Pacific Coast National Bank of San Clemente, California failed on November 13, 2009. In November 2012, the FDIC, as the failed bank’s receiver filed a civil action against five of the bank’s former directors and officers, alleging negligence, gross negligence and breaches of fiduciary duty in relation to various loans the bank had made ad that allegedly resulted in millions of dollars of losses to the bank. The individual defendants sought coverage for the claims under the bank’s D&O insurance policy. The D&O insurance carrier, in turn, filed an action seeking a judicial declaration that there was no coverage under the policy for the FDIC’s claims. The FDIC moved for summary judgment in the coverage litigation and the individual defendants jointed in the FDIC’s motion. The insurer filed a cross-motion for summary judgment.
In denying coverage, the insurer relied on two policy provisions, the Insured vs. Insured Exclusion and the Unpaid Loan Carve-Out. The Insured vs. Insured Exclusion provided in pertinent part that the policy does not provide coverage for any claim against an Insured “brought by or on behalf of any Insured or Company [including the Bank] in any capacity.” The Unpaid Loan Carve-Out provides that the Loss as defined in the policy does not include “any unrepaid, unrecoverable or outstanding loan, lease or extension of any credit to any Affiliated Person or Borrower.”

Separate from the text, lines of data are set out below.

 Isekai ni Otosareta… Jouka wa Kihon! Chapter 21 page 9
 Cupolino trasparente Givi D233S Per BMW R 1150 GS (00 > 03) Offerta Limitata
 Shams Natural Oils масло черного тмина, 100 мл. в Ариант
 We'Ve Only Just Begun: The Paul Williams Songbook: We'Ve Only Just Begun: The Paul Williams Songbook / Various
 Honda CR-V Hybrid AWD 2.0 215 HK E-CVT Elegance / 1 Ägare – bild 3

The District Court Opinion
As discussed here, in an October 8, 2014 Opinion, Central District of California Judge Andrew Guilford denied the insurer’s motion for summary judgment and granted the motion for summary judgment of the FDIC and of the individual directors and officers. Judge Guilford held that the two policy provisions on which the insurer relied are ambiguous and therefore cannot serve as a basis to deny coverage. A copy of Judge Guilford’s opinion can be found here.

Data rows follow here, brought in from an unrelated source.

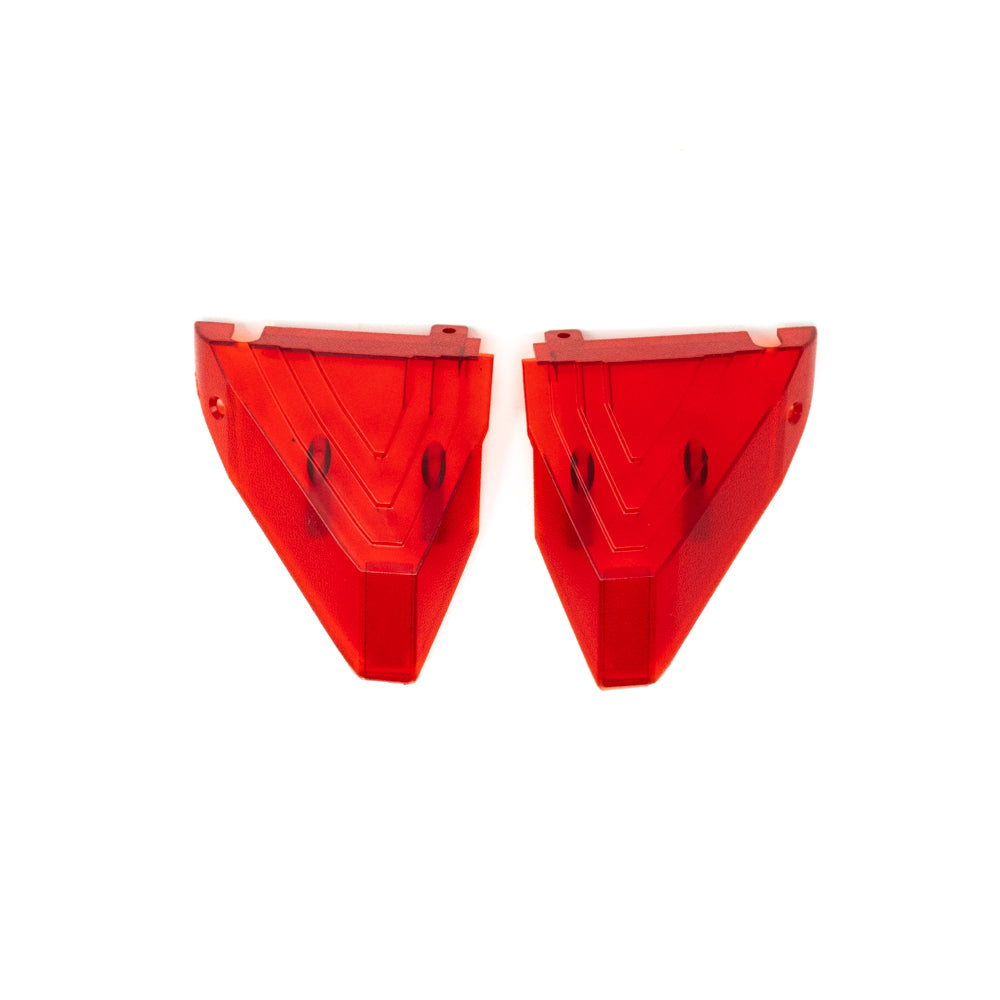 ZERO 8X Deck Light Covers (Stock) Electric Scooter Parts ZERO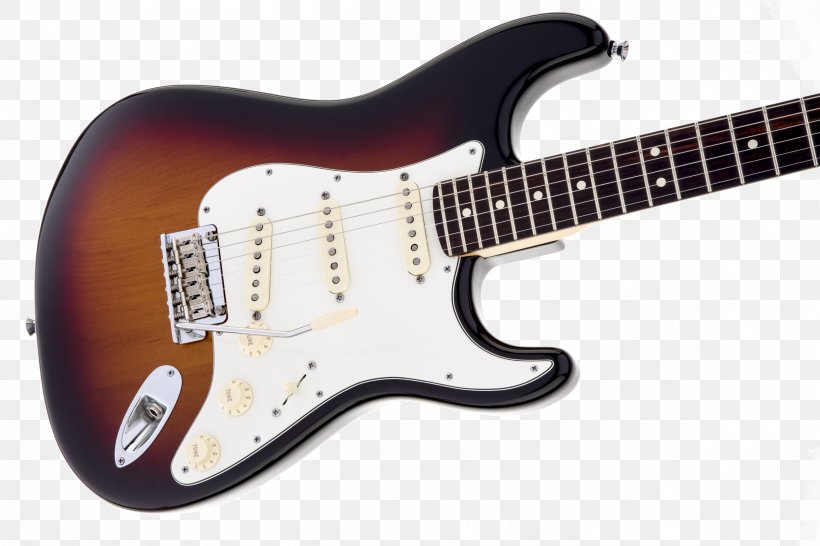 Fender Stratocaster Fender Bullet Sunburst Fender Musical Instruments Corporation Squier, PNG, 2400x1600px, Watercolor, Cartoon, Flower, Frame, Heart Download Free
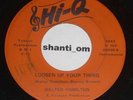 Northern SOUL/Funk 45 WALTER HAMILTON on Hi-Q LISTEN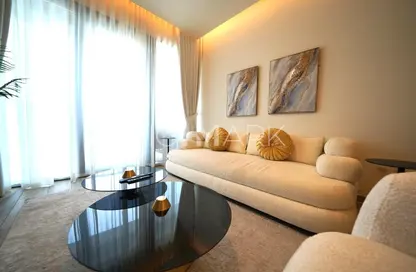 Apartment - 1 Bedroom - 2 Bathrooms for rent in Ahad Residences - Business Bay - Dubai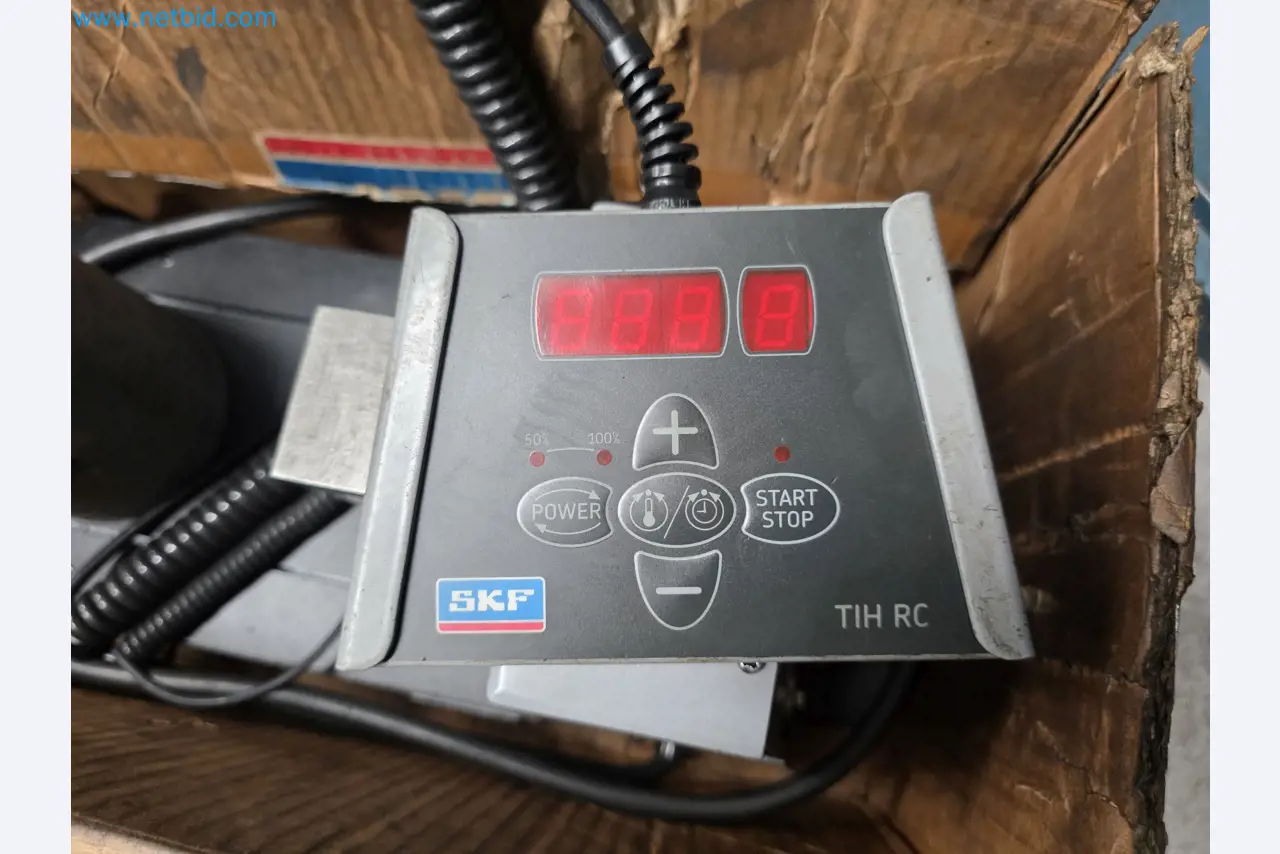 Vente aux enchères exclusive pour insolvabilité : machines, outils et équipements d'usine de Nano Automotive en Espagne-8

With respect to the Insured vs. Insured Exclusion, Judge Guilford said that the fact that the exclusion is ambiguous when applied to the FDIC in its capacity as receiver of a failed bank “is evidenced by the fact that courts considering this exclusion have reached varying conclusions.” Noting the many decisions that have similarly concluded that the exclusion is ambiguous, Judge Guilford said that “there can be little doubt that repeated disputes over the Insured vs. Insured Exclusion have placed insurers on notice that it is ambiguous.”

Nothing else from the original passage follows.